# General > Events, field trips and gatherings >  Iwagumi Layout Workshop

## ADA SG

ADA Singapore will be conducting an Iwagumi Layout Workshop for hobbyists to better appreciate this simple-looking, yet difficult to master aquascaping layout concept.

Workshop Details:
Date: 28th February 2009 (Saturday) 
Time: 2pm to 4.30pm
Venue: Sera Centre 565 Macpherson Road Singapore 368234

In this workshop, we will be discussing the following topics:

 An introduction to IwagumiFeatures of IwagumiIwagumi in the Aquarium (types of stones, shapes, sizes, patterns)Appreciation of the Golden SectionRelations between the Golden Section, creating depth and perspectives
We would then end the workshop with a simple demonstration of the concepts discussed, followed by a QnA session.

Space is limited. So please book your space asap by emailing us at [email protected].
You can also contact us through the contact numbers in our signature.

Hope to see you guys at the workshop!  :Grin:

----------


## blue33

The place now is called "Std Photo" i think.  :Smile:

----------


## Cacatuoides

Who's going?

----------


## Shadow

I'm going, registered already.

----------


## tcy81

So sad..... i will miss this workshop as i am out of town on that day.
 :Crying:

----------


## blue33

Going also...  :Cool:

----------


## ADA SG

Thank you for the support so far.
Looking forward to meeting those who have registered so far.

Registration will begin at 1.30pm. Then you guys can mingle and chat around with the other attendees.

----------


## Viper007

I have registered too. :Smile: 

Wonder if parking is going to be an issue. :Huh?:

----------


## ghim

Just sent the registration email. :Grin:

----------


## doubleace

think will be going too.. :Smile:

----------


## ADA SG

> Wonder if parking is going to be an issue.


There are limited parking spaces at Sera Centre. However, there is a HDB parking area across the road. So participants can park their vehicles at that carpark.

----------


## williamng

Will there be product sales? or nice rocks to purchase?

----------


## eddy planer

Hi ADA SG

Can you please reply us in email that you had received our registration? Or you maybe can list the attendees here so that we'll know that you had awknowlege our registration.

Hope this will help.

----------


## ADA SG

Hi Eddy,
a reply was sent to the email which the registration request was sent. =)

Looking forward to seeing you.

----------


## Merviso

OK... I have received the confirmation! See you guys on Saturday!  :Smug:

----------


## eddy planer

> Hi Eddy,
> a reply was sent to the email which the registration request was sent. =)
> 
> Looking forward to seeing you.



Many thanks! see you guy this weekend.

----------


## Shadow

Any tips how to go there from MRT? which bus number pass by that area?

----------


## ghim

Aljunied or Paya Lebar MRT. Bus, really don't know, you can check out http://www.sbstransit.com.sg/ .

----------


## Ah_ZhaN

Hi ADA_SG, how many seats are available now ?

----------


## ADA SG

To all who have registered, we are open for registration from 1.30pm!
We are expecting at 30+ participants tomorrow.
So see you all tomorrow at the workshop.

----------


## ah^siao

Post pictures of the workshop for the benefit of those who cannot make it.  :Grin:

----------


## williamng

It is a good Iwagumi workshop conducted by ADA sg. Much much much better from another plant talk I attended. I guess Blue33 and Shadow knows what I am talking about. 

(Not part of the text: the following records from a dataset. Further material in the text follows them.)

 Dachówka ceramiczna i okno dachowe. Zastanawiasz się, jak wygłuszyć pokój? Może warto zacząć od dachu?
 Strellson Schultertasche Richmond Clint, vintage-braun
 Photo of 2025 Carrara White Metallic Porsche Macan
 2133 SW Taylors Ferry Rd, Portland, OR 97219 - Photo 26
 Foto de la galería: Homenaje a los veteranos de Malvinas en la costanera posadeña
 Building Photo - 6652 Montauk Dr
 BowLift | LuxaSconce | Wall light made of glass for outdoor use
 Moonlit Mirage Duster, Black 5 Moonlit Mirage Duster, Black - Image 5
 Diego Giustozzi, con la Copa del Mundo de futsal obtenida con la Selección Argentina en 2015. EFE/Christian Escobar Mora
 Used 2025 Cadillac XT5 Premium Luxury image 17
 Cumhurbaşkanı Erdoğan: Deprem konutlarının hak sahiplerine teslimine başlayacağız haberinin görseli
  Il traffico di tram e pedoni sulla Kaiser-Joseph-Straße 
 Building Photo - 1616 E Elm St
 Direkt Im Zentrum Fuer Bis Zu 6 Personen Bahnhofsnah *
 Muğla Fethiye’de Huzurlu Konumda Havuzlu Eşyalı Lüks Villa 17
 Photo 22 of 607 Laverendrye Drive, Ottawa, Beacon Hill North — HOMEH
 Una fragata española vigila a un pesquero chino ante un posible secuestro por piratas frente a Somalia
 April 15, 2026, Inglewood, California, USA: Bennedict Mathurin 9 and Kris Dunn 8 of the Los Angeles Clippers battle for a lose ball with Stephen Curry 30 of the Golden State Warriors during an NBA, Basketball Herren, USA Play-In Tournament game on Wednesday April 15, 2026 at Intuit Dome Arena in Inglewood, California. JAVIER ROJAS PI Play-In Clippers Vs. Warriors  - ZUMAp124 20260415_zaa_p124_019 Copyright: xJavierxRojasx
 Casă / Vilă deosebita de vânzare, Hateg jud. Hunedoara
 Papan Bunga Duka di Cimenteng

The presentation is short yet comprehensive. In addition, there is no promoting of ADA products. The products are placed within the showroom for interested parties to view and the discount from Acro-Asia is tempting..

Blue33
Nice to hear you share about tank setup and maintainance. Maybe next time ask ADA sg to allocate some time so you can share with everyone. 

Nice meeting everyone despite only knowing a few names Blue33, Shadow and ADA sg.

----------


## Viper007

Thanks to Mr. Teo and Vincent for sharing Amano's concept of Iwagumi. It had just re-enforce to me how details the Japanese are! :Smile:

----------


## Shadow

I would say excelent work shop, I bring back some of the point that I never consider before. Something like pull and push, how you suppose to angle your rockand many more  :Grin: . Not to mention $5 Aquajournal  :Laughing: . I'm definitely looking forward for the next event.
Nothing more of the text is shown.